St. Peter's Lutheran School, Helenville, WI, 1906

There’s a really long article by management guru H. Donald Hopkins (Temple University) entitled “Using History for Strategic Problem-Solving: The Harley-Davidson Effect.” In it he tells of corporate CEOs solving problems such as employee moral or product direction simply by examining their own history. And because Hopkins champions Harley-Davidson, his thinking has become known as the Harley-Davidson Effect (although if you google this you’ll likely find more on the Harley-Davidson sound affects:-).

Anyway, my latest project has been an online program for the Wisconsin Lutheran State Teachers’ Conference. I know, I know, associating church with business gives a lot of people the heebie jeebies. After all, it’s the Holy Spirit that works in us, not some business theory, right?

I agree.

But I also go by the conviction that much of our God-given earthly knowledge works really well for his heavenly purposes. The Harley-Davidson Effect is a perfect example.

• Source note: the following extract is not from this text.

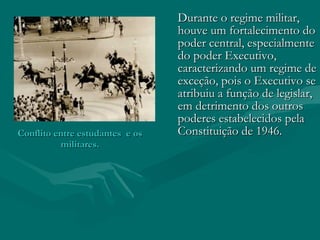 Conflito entre estudantes  e os militares. Durante o regime militar, houve um fortalecimento do poder central, especialmente do poder Executivo, caracterizando um regime de exceção, pois o Executivo se atribuiu a função de legislar, em detrimento dos outros poderes estabelecidos pela Constituição de 1946.  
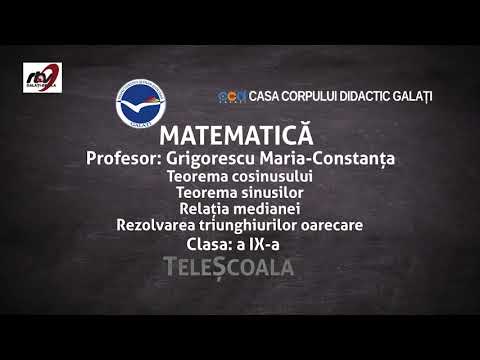 Matematică - Clasa a 9-a - Teorema cosinusului. Teorema sinusilor. Relaţia medianei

The Wisconsin Ev. Lutheran Synod (WELS) schools have a strong history in Wisconsin and throughout the U.S. There are 337 schools nationwide, some of them dating back to the mid-1800s. They’re parochial in nature, yet they face the same problems of budget, integration and student-teacher ratio as does every other school. Nowadays congregations do a lot of strategizing and praying just to keep their school doors open.

This year the WLSTC chose “Your Statutes Are Our Heritage” as its conference theme, based on Psalm 119:111. For the program (click here to check it out), we used historical photos to help convey this message. We asked congregations to dig into their archives and, wow, did they do some digging! Not only did people send photos, they also included anecdotes of how their schools were started, what their classrooms were like a hundred years ago, and so many more fascinating stories.

Strategically or historically, however you want to look at them, these photos and stories are poignant reminders that schools have overcome many challenges. They’re proof of so many blessings throughout the generations. And they evoke a sense of pride in the educational work God has allowed them to do.


“Your statutes are my heritage forever; they are the joy of my heart,” Psalm 119:111.